Brooklyn’s Beach Fossils are in a celebratory mood. Their third album, Somersault, was warmly received in June and tonight they get to play the wonderful Hare & Hounds venue in the Kings Heath area of Birmingham, to an appreciative crowd.
Before they tread the H&H boards, though, all the way from Cambridge (England) come Nervous Conditions, a truly remarkable eight-piece band numbering in its ranks, amongst the usual suspects, a saxophonist, a violinist and that ultimate “Why don’t more bands do this?” feature of twin drummers. Though they look young enough to be Mark E. Smith‘s grandchildren, they resemble The Fall (early period) in more than one way: that dual percussion onslaught for a start, plus the driving repetition; there is something about the vocal delivery too that brings to mind MES. Nervous Conditions are no mere copycats, however, and work their way through an uncompromising 50-minute set that hints at genius at the same time as testing the audience’s resolve (the third track was a quarter of an hour-long by itself!). The band are apparently on the verge of releasing their debut album and it will definitely be one to watch out for.

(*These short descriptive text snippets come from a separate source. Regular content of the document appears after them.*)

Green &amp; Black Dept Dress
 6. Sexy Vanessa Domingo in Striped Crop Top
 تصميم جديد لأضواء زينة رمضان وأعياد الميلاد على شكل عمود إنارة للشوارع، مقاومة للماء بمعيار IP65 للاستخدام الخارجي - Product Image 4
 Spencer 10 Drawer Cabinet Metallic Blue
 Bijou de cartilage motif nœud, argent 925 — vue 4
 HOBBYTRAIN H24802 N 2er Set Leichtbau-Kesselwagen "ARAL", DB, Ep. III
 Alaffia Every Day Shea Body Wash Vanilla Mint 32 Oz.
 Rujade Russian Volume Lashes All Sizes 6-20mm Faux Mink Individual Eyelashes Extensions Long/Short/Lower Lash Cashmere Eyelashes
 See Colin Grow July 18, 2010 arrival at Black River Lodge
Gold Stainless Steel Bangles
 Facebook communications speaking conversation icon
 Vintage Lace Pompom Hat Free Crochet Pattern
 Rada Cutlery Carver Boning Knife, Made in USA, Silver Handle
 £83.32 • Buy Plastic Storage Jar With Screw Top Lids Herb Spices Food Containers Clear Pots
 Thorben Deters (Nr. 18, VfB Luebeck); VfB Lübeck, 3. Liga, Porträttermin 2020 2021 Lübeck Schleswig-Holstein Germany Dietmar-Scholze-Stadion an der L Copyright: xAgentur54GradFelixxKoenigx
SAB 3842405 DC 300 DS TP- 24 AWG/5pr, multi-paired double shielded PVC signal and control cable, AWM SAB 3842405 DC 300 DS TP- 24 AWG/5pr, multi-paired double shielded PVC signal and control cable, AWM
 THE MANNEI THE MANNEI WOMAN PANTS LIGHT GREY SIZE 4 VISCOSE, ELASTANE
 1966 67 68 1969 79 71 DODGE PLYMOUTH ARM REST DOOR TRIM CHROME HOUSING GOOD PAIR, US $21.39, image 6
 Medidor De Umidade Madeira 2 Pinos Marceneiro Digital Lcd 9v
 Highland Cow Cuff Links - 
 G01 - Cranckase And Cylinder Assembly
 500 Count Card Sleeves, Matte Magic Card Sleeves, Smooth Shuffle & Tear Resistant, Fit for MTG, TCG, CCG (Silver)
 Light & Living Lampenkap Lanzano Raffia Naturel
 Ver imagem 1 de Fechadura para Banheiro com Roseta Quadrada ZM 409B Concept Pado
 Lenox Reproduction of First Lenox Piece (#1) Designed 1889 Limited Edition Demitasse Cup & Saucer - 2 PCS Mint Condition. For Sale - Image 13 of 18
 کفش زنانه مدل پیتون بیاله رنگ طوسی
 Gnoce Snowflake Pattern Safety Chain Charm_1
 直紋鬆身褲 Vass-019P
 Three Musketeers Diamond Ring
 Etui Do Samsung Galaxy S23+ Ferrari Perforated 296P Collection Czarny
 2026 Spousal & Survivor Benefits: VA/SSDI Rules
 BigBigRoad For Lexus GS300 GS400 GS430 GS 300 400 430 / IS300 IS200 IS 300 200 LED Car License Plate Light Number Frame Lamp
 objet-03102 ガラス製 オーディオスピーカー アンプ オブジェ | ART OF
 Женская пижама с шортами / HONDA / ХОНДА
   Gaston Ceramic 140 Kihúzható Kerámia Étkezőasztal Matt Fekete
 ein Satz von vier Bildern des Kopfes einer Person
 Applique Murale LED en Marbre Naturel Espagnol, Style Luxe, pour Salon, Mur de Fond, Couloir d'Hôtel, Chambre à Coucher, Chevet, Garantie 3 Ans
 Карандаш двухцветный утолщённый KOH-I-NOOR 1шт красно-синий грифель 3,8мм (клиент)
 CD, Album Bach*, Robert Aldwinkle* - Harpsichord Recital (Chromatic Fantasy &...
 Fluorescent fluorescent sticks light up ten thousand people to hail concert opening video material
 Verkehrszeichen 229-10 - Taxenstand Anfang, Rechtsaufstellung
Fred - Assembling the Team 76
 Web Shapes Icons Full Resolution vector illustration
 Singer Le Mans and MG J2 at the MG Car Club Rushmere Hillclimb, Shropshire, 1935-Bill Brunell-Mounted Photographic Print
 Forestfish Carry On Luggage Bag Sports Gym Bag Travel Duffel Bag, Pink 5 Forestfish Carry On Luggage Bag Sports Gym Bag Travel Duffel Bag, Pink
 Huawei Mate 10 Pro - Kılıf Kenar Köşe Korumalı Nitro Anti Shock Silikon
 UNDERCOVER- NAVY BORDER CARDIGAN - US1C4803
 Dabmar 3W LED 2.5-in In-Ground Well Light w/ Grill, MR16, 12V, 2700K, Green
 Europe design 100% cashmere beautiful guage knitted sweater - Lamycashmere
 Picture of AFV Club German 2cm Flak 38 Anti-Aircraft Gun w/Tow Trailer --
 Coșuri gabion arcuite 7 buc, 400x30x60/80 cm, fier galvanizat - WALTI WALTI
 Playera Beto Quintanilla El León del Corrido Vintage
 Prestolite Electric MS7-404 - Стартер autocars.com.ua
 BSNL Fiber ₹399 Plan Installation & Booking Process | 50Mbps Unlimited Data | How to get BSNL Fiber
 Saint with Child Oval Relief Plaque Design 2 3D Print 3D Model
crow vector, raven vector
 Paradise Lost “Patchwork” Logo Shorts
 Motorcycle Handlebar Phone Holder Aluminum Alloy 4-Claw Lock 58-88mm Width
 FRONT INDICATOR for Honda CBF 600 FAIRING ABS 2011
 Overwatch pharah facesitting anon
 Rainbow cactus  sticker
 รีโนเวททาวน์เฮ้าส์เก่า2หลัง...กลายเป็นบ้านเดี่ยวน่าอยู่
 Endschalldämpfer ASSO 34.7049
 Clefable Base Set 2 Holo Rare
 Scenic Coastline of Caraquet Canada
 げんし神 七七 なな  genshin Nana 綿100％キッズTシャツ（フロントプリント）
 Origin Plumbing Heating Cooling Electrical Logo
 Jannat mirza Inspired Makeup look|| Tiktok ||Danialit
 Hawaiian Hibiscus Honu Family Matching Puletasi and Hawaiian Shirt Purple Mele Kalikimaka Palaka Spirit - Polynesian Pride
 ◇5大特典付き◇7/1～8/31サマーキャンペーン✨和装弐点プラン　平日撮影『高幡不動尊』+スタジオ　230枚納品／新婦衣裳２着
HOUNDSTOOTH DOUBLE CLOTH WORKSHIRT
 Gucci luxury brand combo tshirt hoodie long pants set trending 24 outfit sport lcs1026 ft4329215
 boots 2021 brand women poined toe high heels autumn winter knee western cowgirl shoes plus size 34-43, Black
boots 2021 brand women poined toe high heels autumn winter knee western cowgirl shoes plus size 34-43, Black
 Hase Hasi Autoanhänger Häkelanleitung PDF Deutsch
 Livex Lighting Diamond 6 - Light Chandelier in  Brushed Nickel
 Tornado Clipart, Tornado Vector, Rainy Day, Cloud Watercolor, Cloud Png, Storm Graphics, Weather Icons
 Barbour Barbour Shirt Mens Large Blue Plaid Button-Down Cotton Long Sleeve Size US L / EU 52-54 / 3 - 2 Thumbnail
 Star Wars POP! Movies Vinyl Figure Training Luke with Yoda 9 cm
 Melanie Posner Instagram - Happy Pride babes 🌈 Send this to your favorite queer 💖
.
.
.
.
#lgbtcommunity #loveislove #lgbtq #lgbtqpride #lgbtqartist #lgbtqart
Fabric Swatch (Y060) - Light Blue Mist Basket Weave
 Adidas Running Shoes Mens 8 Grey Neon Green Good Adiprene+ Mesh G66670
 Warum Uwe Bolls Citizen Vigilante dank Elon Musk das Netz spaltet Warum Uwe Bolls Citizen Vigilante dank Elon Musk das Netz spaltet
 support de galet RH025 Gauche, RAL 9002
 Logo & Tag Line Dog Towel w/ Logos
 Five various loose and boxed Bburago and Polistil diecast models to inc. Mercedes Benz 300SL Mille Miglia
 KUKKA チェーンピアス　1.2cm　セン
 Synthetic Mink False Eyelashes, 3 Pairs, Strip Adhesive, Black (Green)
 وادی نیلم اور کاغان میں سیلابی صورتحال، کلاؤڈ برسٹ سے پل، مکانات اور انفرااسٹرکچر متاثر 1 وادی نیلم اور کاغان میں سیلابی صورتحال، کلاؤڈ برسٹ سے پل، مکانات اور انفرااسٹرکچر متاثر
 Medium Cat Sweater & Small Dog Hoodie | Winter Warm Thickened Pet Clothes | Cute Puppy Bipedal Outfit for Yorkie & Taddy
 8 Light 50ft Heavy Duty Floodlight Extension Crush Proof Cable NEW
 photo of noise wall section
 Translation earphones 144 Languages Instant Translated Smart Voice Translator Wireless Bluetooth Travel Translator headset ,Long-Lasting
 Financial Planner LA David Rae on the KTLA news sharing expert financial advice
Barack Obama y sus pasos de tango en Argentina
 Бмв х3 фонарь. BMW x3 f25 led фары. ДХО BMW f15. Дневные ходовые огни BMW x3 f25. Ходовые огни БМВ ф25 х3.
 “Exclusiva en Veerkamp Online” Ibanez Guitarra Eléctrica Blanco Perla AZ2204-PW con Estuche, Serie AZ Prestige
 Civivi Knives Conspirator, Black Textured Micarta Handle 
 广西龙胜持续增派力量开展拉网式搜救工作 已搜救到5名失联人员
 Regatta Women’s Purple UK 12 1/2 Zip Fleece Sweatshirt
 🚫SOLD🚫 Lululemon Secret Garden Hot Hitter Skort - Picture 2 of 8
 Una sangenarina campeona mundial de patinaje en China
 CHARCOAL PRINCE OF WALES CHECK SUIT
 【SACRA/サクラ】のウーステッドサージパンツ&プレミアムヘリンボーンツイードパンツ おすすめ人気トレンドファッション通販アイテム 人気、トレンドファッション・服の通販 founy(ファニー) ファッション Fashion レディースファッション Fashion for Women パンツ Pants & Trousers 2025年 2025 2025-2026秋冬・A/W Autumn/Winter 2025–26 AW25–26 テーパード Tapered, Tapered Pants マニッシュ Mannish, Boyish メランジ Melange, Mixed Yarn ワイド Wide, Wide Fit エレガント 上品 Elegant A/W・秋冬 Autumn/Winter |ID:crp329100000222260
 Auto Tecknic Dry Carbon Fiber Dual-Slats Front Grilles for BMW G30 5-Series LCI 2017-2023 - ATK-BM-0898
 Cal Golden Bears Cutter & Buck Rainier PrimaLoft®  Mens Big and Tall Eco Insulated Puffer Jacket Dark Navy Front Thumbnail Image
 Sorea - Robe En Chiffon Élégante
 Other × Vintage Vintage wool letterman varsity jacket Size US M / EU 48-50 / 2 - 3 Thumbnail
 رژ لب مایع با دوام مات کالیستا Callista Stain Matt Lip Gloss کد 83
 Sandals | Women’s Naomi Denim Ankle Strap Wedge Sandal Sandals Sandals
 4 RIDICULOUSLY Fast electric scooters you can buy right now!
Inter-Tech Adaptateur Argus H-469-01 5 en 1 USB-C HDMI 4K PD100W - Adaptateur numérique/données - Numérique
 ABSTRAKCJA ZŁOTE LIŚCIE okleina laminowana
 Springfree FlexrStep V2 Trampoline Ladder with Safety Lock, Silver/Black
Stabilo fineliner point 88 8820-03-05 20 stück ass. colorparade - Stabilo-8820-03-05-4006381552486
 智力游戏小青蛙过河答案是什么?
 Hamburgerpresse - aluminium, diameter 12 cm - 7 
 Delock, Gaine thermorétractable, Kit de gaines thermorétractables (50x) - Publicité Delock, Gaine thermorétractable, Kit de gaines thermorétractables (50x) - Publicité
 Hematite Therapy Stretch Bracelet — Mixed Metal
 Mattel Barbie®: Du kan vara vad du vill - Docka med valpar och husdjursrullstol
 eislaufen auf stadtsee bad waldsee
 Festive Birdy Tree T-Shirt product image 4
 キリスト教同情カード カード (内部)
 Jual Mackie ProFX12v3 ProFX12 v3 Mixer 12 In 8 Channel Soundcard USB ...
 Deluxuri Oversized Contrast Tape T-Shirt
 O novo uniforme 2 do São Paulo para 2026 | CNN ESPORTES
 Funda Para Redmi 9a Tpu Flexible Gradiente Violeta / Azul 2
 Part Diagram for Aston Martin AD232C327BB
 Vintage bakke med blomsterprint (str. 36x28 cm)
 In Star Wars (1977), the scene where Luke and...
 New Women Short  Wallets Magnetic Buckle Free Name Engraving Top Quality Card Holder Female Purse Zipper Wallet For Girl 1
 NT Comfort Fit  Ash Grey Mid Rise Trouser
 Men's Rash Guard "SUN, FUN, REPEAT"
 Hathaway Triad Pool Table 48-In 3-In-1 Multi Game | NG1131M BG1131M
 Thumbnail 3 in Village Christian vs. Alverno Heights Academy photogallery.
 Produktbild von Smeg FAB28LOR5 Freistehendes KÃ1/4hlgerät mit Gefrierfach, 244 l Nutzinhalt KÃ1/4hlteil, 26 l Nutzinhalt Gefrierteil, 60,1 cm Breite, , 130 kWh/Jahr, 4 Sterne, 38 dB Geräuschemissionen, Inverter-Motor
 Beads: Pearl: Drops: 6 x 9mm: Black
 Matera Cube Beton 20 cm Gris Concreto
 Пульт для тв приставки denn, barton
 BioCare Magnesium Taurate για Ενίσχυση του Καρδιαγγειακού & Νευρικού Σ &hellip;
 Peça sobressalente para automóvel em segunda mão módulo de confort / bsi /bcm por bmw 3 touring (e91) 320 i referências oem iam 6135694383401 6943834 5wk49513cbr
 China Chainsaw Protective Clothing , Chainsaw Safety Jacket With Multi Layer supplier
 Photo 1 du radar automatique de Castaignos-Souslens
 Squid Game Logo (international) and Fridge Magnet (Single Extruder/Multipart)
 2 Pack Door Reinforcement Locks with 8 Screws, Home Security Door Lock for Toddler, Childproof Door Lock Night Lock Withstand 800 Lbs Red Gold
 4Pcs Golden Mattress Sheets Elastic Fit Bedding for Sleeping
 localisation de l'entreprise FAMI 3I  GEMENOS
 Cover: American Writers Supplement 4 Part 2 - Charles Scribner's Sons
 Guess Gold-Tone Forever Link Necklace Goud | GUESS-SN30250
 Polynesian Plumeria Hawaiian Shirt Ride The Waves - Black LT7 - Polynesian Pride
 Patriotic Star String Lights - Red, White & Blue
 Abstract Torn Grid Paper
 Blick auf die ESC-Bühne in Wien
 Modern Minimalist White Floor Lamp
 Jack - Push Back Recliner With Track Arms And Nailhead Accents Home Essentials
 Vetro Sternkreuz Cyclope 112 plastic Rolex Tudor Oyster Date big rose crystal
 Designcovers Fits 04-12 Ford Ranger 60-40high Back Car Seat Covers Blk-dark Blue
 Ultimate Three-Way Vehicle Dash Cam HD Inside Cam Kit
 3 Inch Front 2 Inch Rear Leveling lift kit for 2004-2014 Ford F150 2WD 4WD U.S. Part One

By contrast, Beach Fossils already have a considerable catalogue of short(ish), jangle-pop jewels on which to draw and they begin with a brace from their second record; the Drums-y ‘Generational Synthetic’ and the harder ‘Shallow’.
The band play an incidental bossa nova jam to cover up for Tommy Davidson tuning up a guitar; frontman Dustin Payseur announces “It’s open mic night at the Hare & Hounds, featuring a Beach Fossils song, another Beach Fossils song and then maybe another 10 Beach Fossils songs”. The band clearly aren’t taking themselves too seriously.
The finest moments, though, are from this year’s subtly brilliant Somersault, on which they have moved from their lo-fi roots to a lush, far more expansive sound. The record’s opening track ‘This Year’ gets a big cheer, before a couple more from the album follow in quick succession, ‘Down The Line’ and the sumptuous single ‘Saint Ivy’, on which keyboardist and trumpeter (is that a word?) Daniel Fox does an excellent job of recreating the strings of the album version.
The highlight of the set is the powerful ‘Be Nothing’, another new one, which is a slow / fast / slow masterpiece of a song. Relative oldie ‘Careless’ changes the tone, increasing the pace, while another favourite ‘Sleep Apnea’ (sic) takes it down again – it’s a stunning song.
‘Closer Everywhere’ is another Somersault instant classic, and closes the main set. “This isn’t really the type of venue where you can leave the stage and come back for an encore, so we will just stay here and do another couple” say the band before Fox plays a ‘minuet’ mixed with a snatch of Happy Mondays’ indie night staple Step On’ to punctuate the difference between the end of the show and the encore.
‘Crashed Out’ and old single ‘Daydream’ send the audience on their way, safe in the knowledge that they have experienced a band on top of its game.